Never heard of this music documentary covering one of the most surprising and fascinating periods in arguably the greatest living artist’s life? Well, there is a good reason for that. A very good reason.
During the late 1970s Bob Dylan sought purpose, meaning and perhaps comfort in his life. Nearly twenty years of being Bob Dylan in the public eye had apparently taken its toll and to the surprise of many, he embraced Jesus Christ and Christianity. The prophet had found a prophet. The first question is of course, why? The answer to which, we are never told.
Joel Gilbert, the writer/director is a Dylan nut. He’s made several films on him, written books, and he even plays Bob Dylan in a Bob Dylan tribute act called Highway 61 Revisited (of whom lend the music here). While this means he is undeniably approaching the topic in question seeking the same answers us Dylan fans, everything is just too amateur, rushed and lacking in content to give any.
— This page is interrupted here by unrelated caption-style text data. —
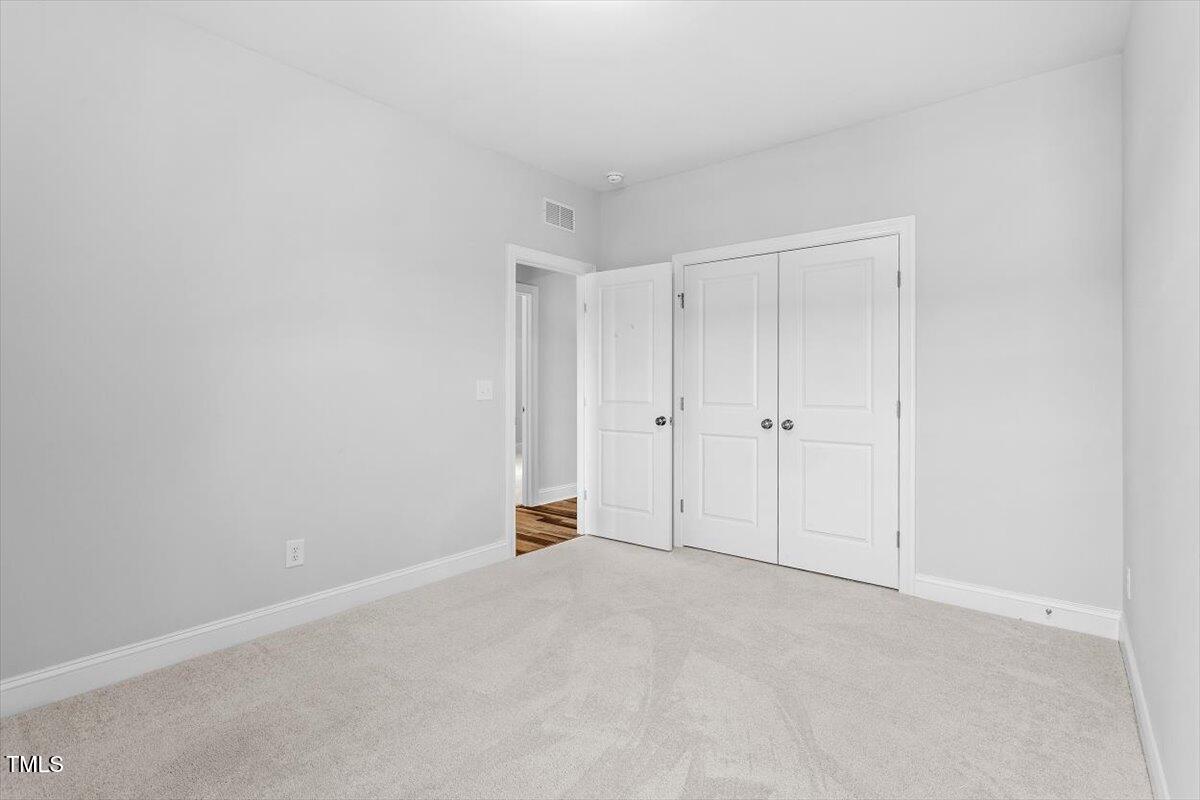 2264 Jollay Street Property Photo 39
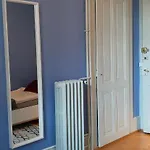 B&B Bienvenue Women Only 로잔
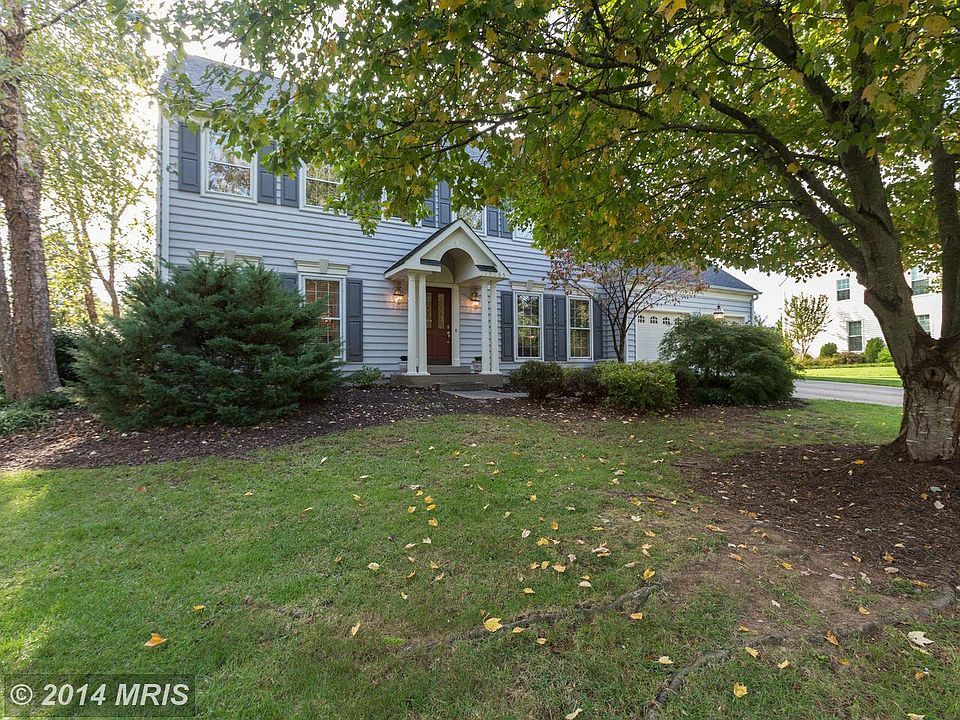 1st image of 15265 Eagle Tavern Way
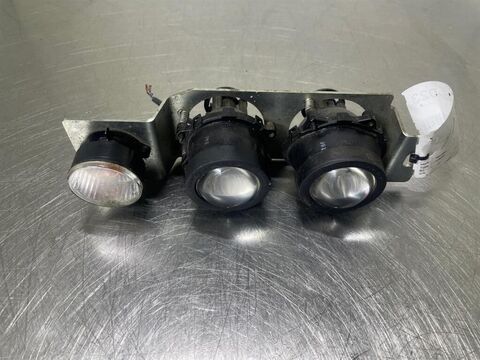 Sonstige 12MTX-5170184/5170185/5170186-Light/Leuchte
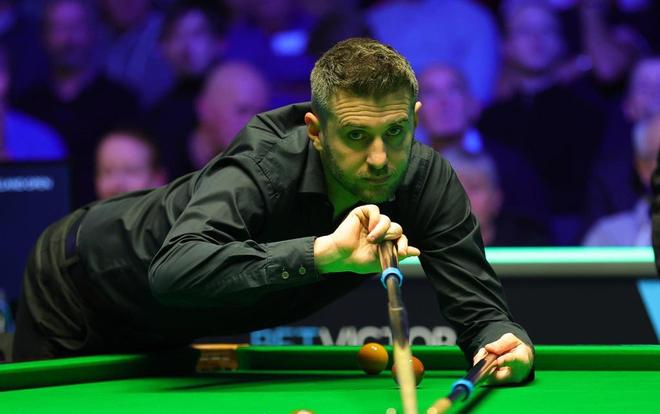 获得了第三 获得了第三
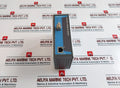 Moxa Imc-101G Industrial Media Converter 12-48 Vdc 1201001014012 Rev: 1.0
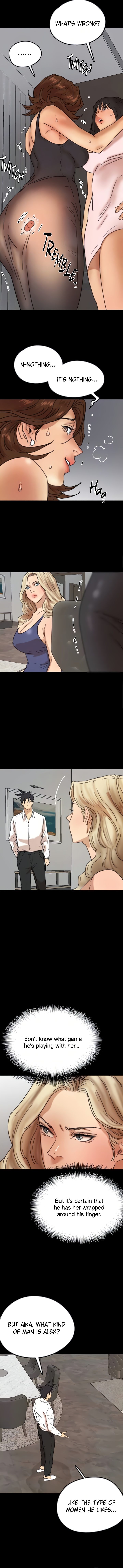 benefactors-daughters-chap-71-8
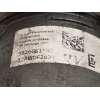 Recambio de abs para citroën c3 feel referencia OEM IAM 3557994 2265106455 970025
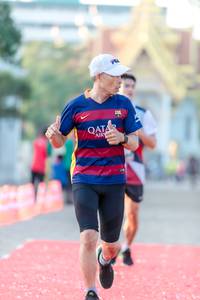 BIB: 
                            <button type="button" onclick="openModal(6535351)" class="btn btn-primary btn-sm float-right btn-popup" data-toggle="modal" data-target=".modal-high-quality">
                        <i class="fas fa-shopping-cart"></i> Add to Cart
                    </button>
                                            <button type="button" onclick="isThisMe(6535351, true)" class="btn btn-success btn-sm float-right btn-popup btn-isme hidden" data-toggle="tooltip" data-placement="bottom" title="นี่คือรูปของคุณใช่ไหม คลิกที่นี่เพื่อเอาเข้าอัลบั้ม">
                        <i class="fas fa-plus"></i> Add to album
                    </button>
                    <button type="button" onclick="isThisMe(6535351, false)" class="btn btn-warning btn-sm float-right btn-popup btn-isnotme hidden">
                        <i class="fas fa-ban"></i> Remove from album
                    </button>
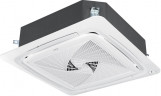 Кассетный кондиционер Haier ABH140К1ERG/1U140S2SN1FB Кассетный кондиционер Haier ABH140К1ERG/1U140S2SN1FB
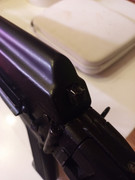 photo_2024-03-12_09-02-57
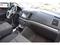 Volkswagen Sharan 2.0TDI 103kw CUP BMT XEN TA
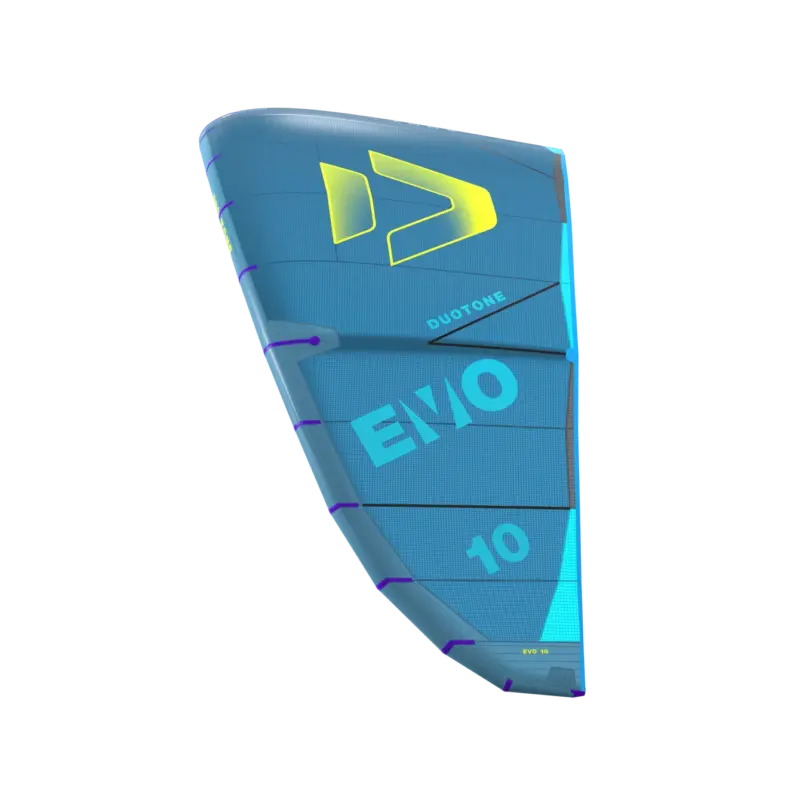 2025 Duotone Evo Kite - Image 4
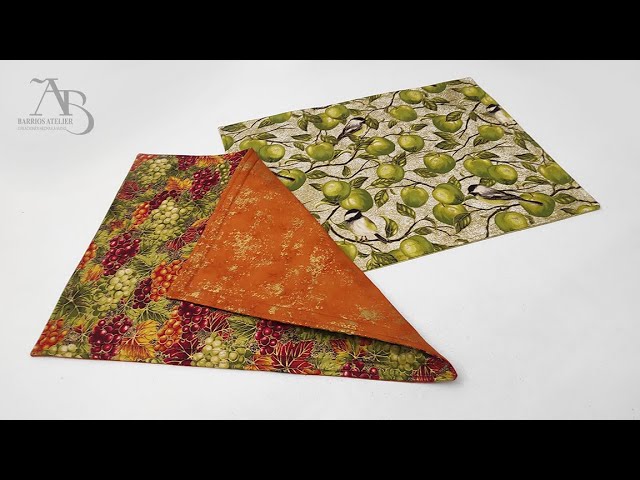 Vídeo relacionado con Stthherk Calentador de Platos Eléctrico para Alimentos, Mantel Individual Caliente, Mantel Individual, Platos Calentadores de Larga Duración para el Hogar, de Cena Negro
The production value is laughable, and obviously without budget to supply anything resembling archive footage (of literally anything) he resorts to using graphics that look like they are taken from clip art. Someone says the word guitar, up pops a picture of a guitar, and at one point Dylan’s face is pasted onto that of a spaceman to reference some inane point. The film only has a handful of interviewees - all of which are shot poorly, in bad light and bad positioning and are nothing but talking heads. To offset this we are given even worse production methods that include transforming the footage from colour to black and white (for no reason at all) and a constant shift of the position of the interviews on our screen from left to right to centre, like that bouncing DVD menu you get. Such is the static quality of the film it seems that anything and everything has been done in an attempt to make it more visually appealing but really only succeeds in making it feel like a GCSE media project.
Very little of the film is actually about Bob Dylan, more about people’s Christian experiences and a few people who experienced Bob during this period. But the same issue occurs when anyone is discussing Bob Dylan, Jesus period or otherwise - they don’t know him, they simply speculate. Jerry Waxler’s inclusion, as the producer of the two Christian albums (Slow Train Coming and Saved) proves the most vital and insightful. A backing singer from the album who tells us that black people didn’t listen to Bob Dylan and how great Jesus is... is not. Ultimately, this is a film about people who have an opinion – an opinion on Christianity, Bob Dylan and Bob Dylan’s Christianity. There are already more than enough (more valid) opinions on Dylan, and this film only makes you wish people would simply give up spouting them. Aside from the brief moments of insight captured by some of the interviewee’s, the main attraction comes in the man himself - a few audio recordings of live shows, him praising Jesus Christ. Ultimately there are maybe ten minutes of value in a documentary that spans ten times that. The term "for completest’s only" would even be pushing it here.